TASK INSTRUCTIONS: Your task is to return, word for word, only the lines from the line with "IMA SCHNEIDER 28 73mm 28gr 009 Green Gold" through the close of the data. Exclude all pictures.

DATA IN THIS EXERCISE:
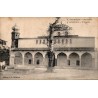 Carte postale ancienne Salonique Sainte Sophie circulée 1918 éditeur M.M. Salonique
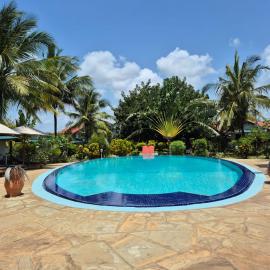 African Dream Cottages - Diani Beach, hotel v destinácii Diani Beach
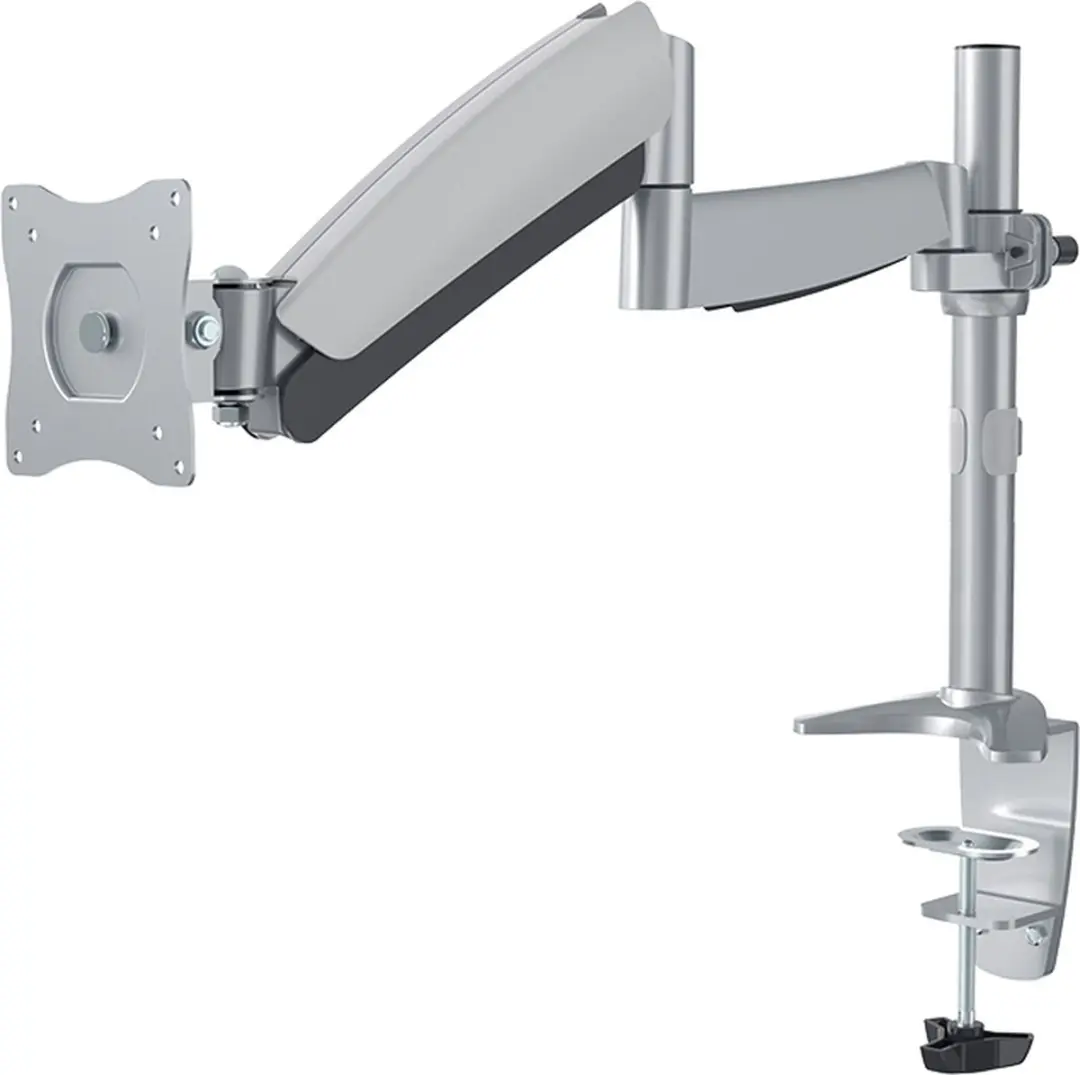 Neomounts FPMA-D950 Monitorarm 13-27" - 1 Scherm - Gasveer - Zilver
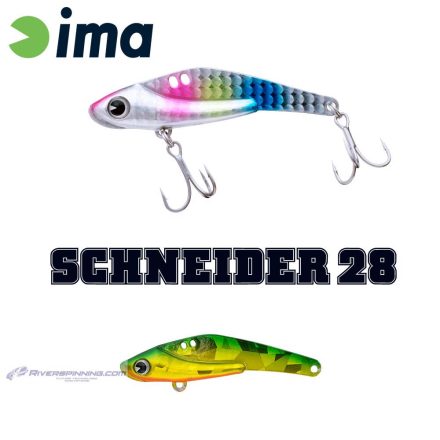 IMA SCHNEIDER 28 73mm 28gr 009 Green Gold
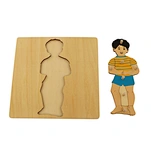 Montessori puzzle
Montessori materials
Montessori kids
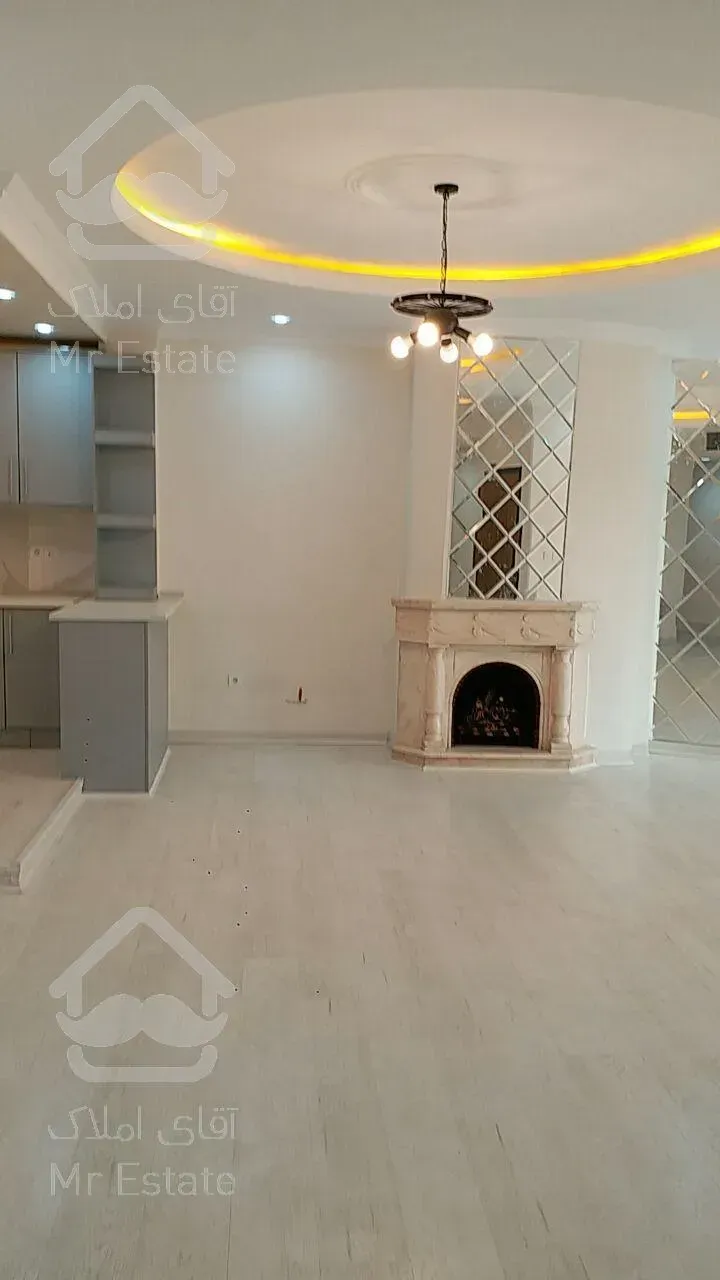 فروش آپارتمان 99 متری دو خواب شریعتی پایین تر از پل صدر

ANSWER TO THE EXERCISE:
 IMA SCHNEIDER 28 73mm 28gr 009 Green Gold
 Montessori puzzle
Montessori materials
Montessori kids
 فروش آپارتمان 99 متری دو خواب شریعتی پایین تر از پل صدر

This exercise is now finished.